Artist of the Week

Bailey Hikawa

December 11, 2018

Bailey Hikawa lives and works in Los Angeles. She is an artist, designer, art director and collaborator who creates art objects, sculptural immersive installation and sets for theater, film and advertising.

Tell us a little bit about yourself and what you do.

My path to what I do has been a winding road packed full of unexpected material and collaborative turns that has landed me with an identity somewhere between artist and designer. I studied Painting at California College of the Arts in San Francisco. Right out of school I worked for a scenic designer in a theater who inspired me to see the entire room as a painting. My work slowly evolved from painting on canvas to sculpture to immersive installation and I eventually began to design sets of my own. I’ve been involved in so many kinds of projects – from performative sculptural collaboration to art directing a feature film, painting exhibitions to theater and experimental films. Now I’m about to launch a line of sculptural phone cases named KAME…who knew?

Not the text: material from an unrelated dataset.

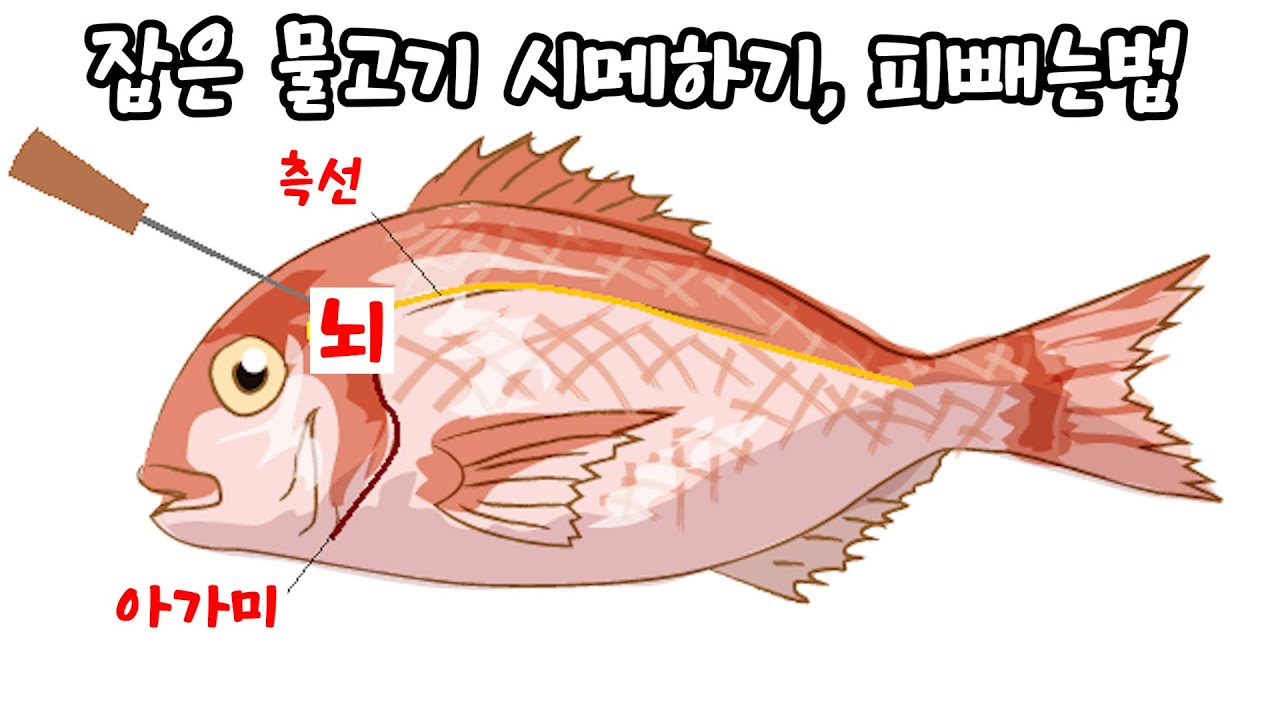【낚린이 필수시청】츠모토식 시메 & 피 빼기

Immersive Installation at Vacancy in Los Angeles

Do you have any exciting projects coming up?

I am beyond thrilled/excited/scared/excited to be launching KAME: a line of sculptural and functional phone cases hand-fabricated by yours truly in my studio in Los Angeles. KAME means “turtle” in Japanese, which I see as a metaphor for the shell of a brain. It is also the manifestation of following my interest in the physical activation of an art object. I’ve always been drawn to everyday materials, like bread or vinyl flooring, so it’s exciting to release something that can be multiplied and enjoyed by many.

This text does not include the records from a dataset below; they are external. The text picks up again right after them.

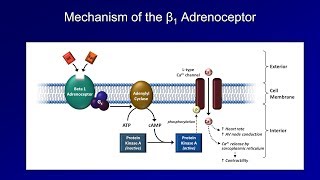 Antiarrhythmics Lesson 3  Beta Blockers [upl. by Aical]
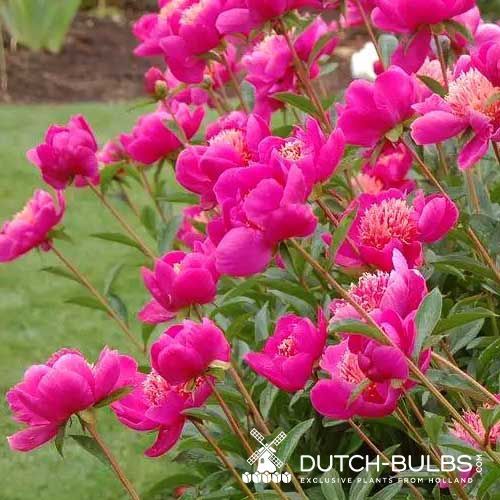 Peony Leslie Peck - Peony Plants from Holland - Peonita
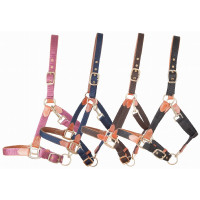 Licol en cuir et sangle T de T Bordeaux Licol en cuir et sangle T de T Bordeaux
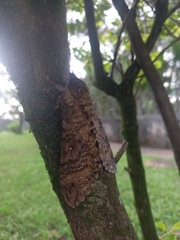 Lepidoptera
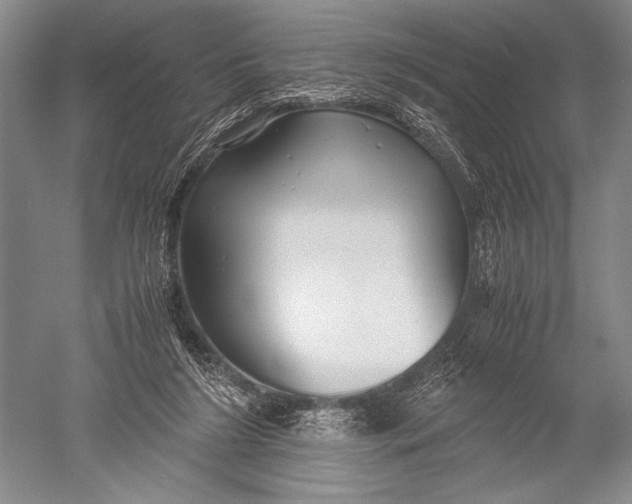 X0000051270212200507082251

How did this process begin and when/where can we find these pieces?

This process began about two years ago, one aimless day in the studio when I decided to glue a piece of wood to the back of my phone case (since I’m sure I didn’t know what else to do with myself.) When I returned to the studio the next day, the case was standing straight up and looked interesting. I started wearing this absurdly large wooden phone case and got a lot of varying reactions from people. That was evidence enough that something was there in the idea and these reactions ultimately inspired me to follow the idea through. An object that is at once foreign, familiar and functional is something I had been looking for in installation, theater and film. I was surprised to find it in product design. Over the past two years, I have made hundreds of prototypes. I am now launching KAME with 2 designs and plan to release more over time.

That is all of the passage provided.